What to expect on your Iraqi Kurdistan tour
This is a land where you will explore the legacy of the Assyrians, visit underground monasteries and 3rd century synagogues. However, what you will notice is how this tiny mountain country, which was so ravaged by war, has changed in such a very short time. The capital, Erbil, now boasts a number of international hotels catering to the influx of foreign investors with a suitable array of restaurants to boot.
Move outside the city and you enter a land of traditional fiefdoms, fiercely proud of their Kurdish traditions and culture. Here the hotels become rather more functional than modern but remain clean and comfortable with wonderfully friendly staff.
The Kurdish people could not offer a warmer welcome and are extremely proud of their culture and history, so it is not uncommon to find yourself sharing a cup of tea and a conversation with the locals whilst on holiday in Kurdistan.
Some ideas for a Iraqi Kurdistan holiday
- Explore Erbil, the religious centre of the Assyrian empire which dates from the 6th C BC.
- In Jirwana you will find the world’s oldest aqueduct built by Sennacherib, King of Assyria.
- Explore Rabban Hormizd Monastery, once home to 600 cave-dwelling monks.
- Travel to the sculpted caves at Qizqapan for their ancient engravings and funerary chambers.
- Discover the 400 year old mosque at Amadiya, set above a breath-taking landscape.
- See Kurdistan’s largest display of antiquities at Suleimaniyah’s museum.

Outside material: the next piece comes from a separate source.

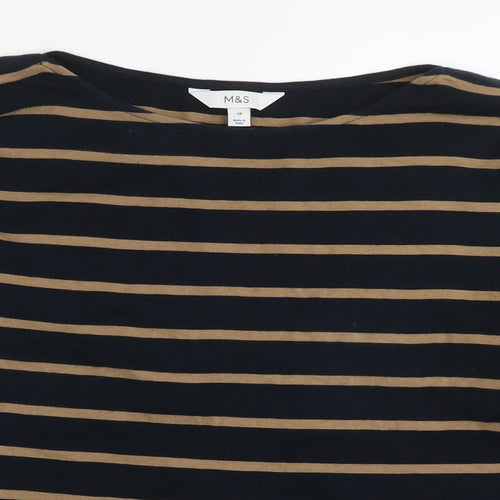 Marks and Spencer Womens Black Striped Polyester Jersey T-Shirt Size 18 Boat Neck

- Stroll along the remains of the Hamilton Road, a feat of significant British engineering.
Beyond the ordinary
Combine your time in Kurdistan with a visit to Iran.
Our Iraqi Kurdistan expertise
Paul recently added Iraqi Kurdistan to his already encyclopedic knowledge of the Middle East and Central Asia and has been extolling its virtues to the office ever since. At the risk of being clichéd, in all his travels – and Paul has travelled a fair bit – he has never met friendlier people.